One of the recent sermons I heard was 2 Peter 1: 4 you may participate in the divine nature, having escaped the corruption in the world caused by evil desires. For this very reason make every effort to add to your faith goodness and to goodness knowledge and to knowledge SELF-CONTROL and to self control perseverance and to perseverance godliness.
My faith hasn't been shaken but I do know its time for it to grow! To be very truthful to stop imposing like my faith is strong enough to lead others.. I'm missing the knowledge part! I can easily have a strong relationship with Jesus while being in communication with him by prayer and just seeing him walking with me daily but I'm left with wanting more.... to know scripture his word by heart to have clearer understanding and grasp the meaning of scripture! I NEED to know and use scripture more to speak truth, to protect, and to live more like Christ. It's like going to battle every day without any weapons.
I always find myself signing up for bibles studies and leading them without fully committed to them.. I go to them but I'm just in too many that I'm not committed and it becomes just a great social hour.
What speaks to me the most is to have self control . It tugs at my heart!

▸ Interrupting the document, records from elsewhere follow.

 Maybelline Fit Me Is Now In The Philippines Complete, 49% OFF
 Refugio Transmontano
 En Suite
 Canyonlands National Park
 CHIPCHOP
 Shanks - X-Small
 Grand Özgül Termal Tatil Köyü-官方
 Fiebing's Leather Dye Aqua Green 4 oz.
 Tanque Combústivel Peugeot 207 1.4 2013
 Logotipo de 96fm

This time in life is busy and it can be overwhelming. I need the word of God to be my foundation and my strength. I want to be able to say NO to the busyness... to refocus my importance on the one who has the answers! Just as Jesus needed to take a time of 40 days to hear the voice of God, I feel he's called me to take this time to dig deeper into the one most important area of my life and that's my understanding and knowledge of Jesus! I was so busy trying to make it to different things that time with the Lord was cut short or limited to the material of the study. I want to have the quiet time where he leads me, to be still so his word can penetrate my heart. The bible studies can be such a crutch of relying on our time with God. Depending only on that time for him to speak to us when our mind is racing thinking of the next thing. Instead, for a season I want to just let God lead my focus to see what he wants to teach me.
I also want to dig deeper to understanding my husband and children. I want to surround them in prayer and teach them what it looks like to be devoted to God. I want to learn along side of the family God has given me, that Jesus is the answer!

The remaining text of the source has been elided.